*Your task*
Below are entries. Copy exactly the lines running from the line that holds "Golarka męska Braun" to the line that holds "Sandisk Micro SD", with both ends included.

Material provided: Begin

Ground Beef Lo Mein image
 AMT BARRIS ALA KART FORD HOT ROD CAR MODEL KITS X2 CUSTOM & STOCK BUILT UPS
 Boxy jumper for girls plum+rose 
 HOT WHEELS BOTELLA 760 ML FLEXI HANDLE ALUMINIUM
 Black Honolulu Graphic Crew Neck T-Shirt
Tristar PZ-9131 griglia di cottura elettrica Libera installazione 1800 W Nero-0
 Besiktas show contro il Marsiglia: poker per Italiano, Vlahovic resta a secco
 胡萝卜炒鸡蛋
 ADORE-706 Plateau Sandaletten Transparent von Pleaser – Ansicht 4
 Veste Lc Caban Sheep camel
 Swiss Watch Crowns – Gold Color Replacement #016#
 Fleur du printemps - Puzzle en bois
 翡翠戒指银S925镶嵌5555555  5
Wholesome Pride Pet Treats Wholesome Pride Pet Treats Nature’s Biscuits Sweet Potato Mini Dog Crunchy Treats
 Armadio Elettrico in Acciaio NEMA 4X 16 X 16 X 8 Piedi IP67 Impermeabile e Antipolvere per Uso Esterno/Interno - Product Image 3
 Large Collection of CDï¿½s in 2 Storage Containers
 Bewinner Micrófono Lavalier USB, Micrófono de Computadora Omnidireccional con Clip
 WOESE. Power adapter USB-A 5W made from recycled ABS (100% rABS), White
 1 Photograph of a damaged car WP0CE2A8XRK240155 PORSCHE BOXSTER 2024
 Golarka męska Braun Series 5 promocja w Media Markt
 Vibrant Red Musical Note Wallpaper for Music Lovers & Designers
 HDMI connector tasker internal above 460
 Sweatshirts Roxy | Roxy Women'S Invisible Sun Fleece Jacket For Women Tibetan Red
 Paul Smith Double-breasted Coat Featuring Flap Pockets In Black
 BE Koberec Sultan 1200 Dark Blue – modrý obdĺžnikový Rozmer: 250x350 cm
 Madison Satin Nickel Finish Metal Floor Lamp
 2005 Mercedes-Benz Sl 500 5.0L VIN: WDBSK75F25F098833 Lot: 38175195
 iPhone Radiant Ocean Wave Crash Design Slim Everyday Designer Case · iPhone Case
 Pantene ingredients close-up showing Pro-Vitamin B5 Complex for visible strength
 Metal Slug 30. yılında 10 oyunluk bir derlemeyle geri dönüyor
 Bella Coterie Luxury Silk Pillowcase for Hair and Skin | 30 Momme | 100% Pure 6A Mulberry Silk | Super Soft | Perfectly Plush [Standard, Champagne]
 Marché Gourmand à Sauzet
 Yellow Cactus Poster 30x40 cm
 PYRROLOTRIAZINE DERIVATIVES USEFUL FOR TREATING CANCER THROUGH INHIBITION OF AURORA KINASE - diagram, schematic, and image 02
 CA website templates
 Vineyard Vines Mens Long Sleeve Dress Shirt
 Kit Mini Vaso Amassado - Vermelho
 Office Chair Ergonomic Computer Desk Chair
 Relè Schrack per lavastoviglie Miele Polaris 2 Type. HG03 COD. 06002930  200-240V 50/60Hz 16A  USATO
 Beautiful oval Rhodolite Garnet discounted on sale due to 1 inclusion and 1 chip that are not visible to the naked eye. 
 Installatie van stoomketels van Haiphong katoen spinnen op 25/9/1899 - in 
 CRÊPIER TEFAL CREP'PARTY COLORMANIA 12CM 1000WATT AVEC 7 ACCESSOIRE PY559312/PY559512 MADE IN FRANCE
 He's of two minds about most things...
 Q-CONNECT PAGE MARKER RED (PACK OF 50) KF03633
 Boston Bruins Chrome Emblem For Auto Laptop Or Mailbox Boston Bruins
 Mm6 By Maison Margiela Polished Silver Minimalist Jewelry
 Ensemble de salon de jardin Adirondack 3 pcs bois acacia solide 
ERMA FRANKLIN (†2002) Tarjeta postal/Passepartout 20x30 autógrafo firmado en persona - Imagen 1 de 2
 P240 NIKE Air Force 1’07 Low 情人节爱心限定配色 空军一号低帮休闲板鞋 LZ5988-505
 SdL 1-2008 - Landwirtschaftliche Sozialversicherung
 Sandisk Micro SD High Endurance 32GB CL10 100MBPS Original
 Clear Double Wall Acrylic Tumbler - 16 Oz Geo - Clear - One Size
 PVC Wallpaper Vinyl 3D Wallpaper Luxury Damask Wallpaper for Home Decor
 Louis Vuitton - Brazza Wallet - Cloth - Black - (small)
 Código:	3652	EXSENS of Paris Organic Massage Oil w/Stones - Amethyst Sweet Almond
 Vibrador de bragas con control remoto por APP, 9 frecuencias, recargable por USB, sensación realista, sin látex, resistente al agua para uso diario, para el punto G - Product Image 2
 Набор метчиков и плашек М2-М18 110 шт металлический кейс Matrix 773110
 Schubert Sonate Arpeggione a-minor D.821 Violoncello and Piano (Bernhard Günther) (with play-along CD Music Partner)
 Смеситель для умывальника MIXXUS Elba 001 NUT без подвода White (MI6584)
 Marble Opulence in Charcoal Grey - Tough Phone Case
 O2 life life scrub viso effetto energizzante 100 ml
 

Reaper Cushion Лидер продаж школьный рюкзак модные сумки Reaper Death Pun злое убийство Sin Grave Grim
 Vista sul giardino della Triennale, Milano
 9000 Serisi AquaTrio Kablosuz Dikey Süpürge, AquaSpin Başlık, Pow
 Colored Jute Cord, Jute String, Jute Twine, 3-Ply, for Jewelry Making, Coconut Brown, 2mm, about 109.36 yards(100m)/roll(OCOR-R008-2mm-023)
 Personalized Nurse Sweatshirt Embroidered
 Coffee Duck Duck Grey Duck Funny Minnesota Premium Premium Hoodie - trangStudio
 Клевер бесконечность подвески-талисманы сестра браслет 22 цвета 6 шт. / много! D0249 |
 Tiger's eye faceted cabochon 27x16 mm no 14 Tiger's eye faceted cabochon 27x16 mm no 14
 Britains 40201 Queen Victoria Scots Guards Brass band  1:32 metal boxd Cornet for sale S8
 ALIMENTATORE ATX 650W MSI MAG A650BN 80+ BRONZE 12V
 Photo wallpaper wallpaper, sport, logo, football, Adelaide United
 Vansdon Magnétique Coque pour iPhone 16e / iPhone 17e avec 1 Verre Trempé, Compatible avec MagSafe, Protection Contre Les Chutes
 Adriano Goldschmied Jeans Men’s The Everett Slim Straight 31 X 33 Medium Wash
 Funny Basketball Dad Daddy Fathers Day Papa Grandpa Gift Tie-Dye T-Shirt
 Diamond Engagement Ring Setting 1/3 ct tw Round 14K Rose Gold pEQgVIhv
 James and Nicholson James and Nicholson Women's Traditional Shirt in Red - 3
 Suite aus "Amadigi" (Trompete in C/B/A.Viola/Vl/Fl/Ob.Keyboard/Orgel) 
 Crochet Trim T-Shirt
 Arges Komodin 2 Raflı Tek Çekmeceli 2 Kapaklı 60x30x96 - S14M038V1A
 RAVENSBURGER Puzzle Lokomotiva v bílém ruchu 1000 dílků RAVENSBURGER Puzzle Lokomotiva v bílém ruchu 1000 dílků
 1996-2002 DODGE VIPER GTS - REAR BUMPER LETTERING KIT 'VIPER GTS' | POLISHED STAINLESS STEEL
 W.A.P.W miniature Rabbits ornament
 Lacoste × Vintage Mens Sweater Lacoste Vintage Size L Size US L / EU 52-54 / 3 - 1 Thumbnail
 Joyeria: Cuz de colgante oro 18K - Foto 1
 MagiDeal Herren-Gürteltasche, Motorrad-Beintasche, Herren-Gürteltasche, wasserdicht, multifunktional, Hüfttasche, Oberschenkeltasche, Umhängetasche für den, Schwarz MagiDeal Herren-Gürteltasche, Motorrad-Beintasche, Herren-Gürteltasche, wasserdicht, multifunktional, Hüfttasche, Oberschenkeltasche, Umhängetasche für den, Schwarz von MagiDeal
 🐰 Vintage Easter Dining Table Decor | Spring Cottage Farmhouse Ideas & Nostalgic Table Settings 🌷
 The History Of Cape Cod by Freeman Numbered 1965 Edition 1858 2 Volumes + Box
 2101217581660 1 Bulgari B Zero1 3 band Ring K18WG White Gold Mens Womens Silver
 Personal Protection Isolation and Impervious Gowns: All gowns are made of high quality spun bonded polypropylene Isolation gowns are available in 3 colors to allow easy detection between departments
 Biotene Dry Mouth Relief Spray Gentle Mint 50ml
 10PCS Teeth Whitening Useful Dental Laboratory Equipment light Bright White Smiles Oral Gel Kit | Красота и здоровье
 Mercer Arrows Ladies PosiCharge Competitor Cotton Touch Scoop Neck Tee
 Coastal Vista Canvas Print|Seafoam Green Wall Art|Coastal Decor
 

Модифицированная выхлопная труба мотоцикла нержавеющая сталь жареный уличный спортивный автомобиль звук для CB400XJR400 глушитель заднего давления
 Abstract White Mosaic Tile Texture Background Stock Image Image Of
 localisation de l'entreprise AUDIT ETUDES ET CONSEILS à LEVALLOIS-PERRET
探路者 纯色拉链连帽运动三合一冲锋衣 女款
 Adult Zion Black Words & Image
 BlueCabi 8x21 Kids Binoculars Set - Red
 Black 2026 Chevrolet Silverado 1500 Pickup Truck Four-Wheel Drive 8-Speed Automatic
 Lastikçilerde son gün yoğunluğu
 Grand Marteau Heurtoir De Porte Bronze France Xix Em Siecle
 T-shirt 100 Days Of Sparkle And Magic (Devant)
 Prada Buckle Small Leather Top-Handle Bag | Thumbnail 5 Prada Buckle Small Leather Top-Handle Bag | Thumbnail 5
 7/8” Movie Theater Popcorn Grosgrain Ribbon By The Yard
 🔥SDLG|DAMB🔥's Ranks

Material provided: End

*Exercise result*
 Golarka męska Braun Series 5 promocja w Media Markt
 Vibrant Red Musical Note Wallpaper for Music Lovers & Designers
 HDMI connector tasker internal above 460
 Sweatshirts Roxy | Roxy Women'S Invisible Sun Fleece Jacket For Women Tibetan Red
 Paul Smith Double-breasted Coat Featuring Flap Pockets In Black
 BE Koberec Sultan 1200 Dark Blue – modrý obdĺžnikový Rozmer: 250x350 cm
 Madison Satin Nickel Finish Metal Floor Lamp
 2005 Mercedes-Benz Sl 500 5.0L VIN: WDBSK75F25F098833 Lot: 38175195
 iPhone Radiant Ocean Wave Crash Design Slim Everyday Designer Case · iPhone Case
 Pantene ingredients close-up showing Pro-Vitamin B5 Complex for visible strength
 Metal Slug 30. yılında 10 oyunluk bir derlemeyle geri dönüyor
 Bella Coterie Luxury Silk Pillowcase for Hair and Skin | 30 Momme | 100% Pure 6A Mulberry Silk | Super Soft | Perfectly Plush [Standard, Champagne]
 Marché Gourmand à Sauzet
 Yellow Cactus Poster 30x40 cm
 PYRROLOTRIAZINE DERIVATIVES USEFUL FOR TREATING CANCER THROUGH INHIBITION OF AURORA KINASE - diagram, schematic, and image 02
 CA website templates
 Vineyard Vines Mens Long Sleeve Dress Shirt
 Kit Mini Vaso Amassado - Vermelho
 Office Chair Ergonomic Computer Desk Chair
 Relè Schrack per lavastoviglie Miele Polaris 2 Type. HG03 COD. 06002930  200-240V 50/60Hz 16A  USATO
 Beautiful oval Rhodolite Garnet discounted on sale due to 1 inclusion and 1 chip that are not visible to the naked eye. 
 Installatie van stoomketels van Haiphong katoen spinnen op 25/9/1899 - in 
 CRÊPIER TEFAL CREP'PARTY COLORMANIA 12CM 1000WATT AVEC 7 ACCESSOIRE PY559312/PY559512 MADE IN FRANCE
 He's of two minds about most things...
 Q-CONNECT PAGE MARKER RED (PACK OF 50) KF03633
 Boston Bruins Chrome Emblem For Auto Laptop Or Mailbox Boston Bruins
 Mm6 By Maison Margiela Polished Silver Minimalist Jewelry
 Ensemble de salon de jardin Adirondack 3 pcs bois acacia solide 
ERMA FRANKLIN (†2002) Tarjeta postal/Passepartout 20x30 autógrafo firmado en persona - Imagen 1 de 2
 P240 NIKE Air Force 1’07 Low 情人节爱心限定配色 空军一号低帮休闲板鞋 LZ5988-505
 SdL 1-2008 - Landwirtschaftliche Sozialversicherung
 Sandisk Micro SD High Endurance 32GB CL10 100MBPS Original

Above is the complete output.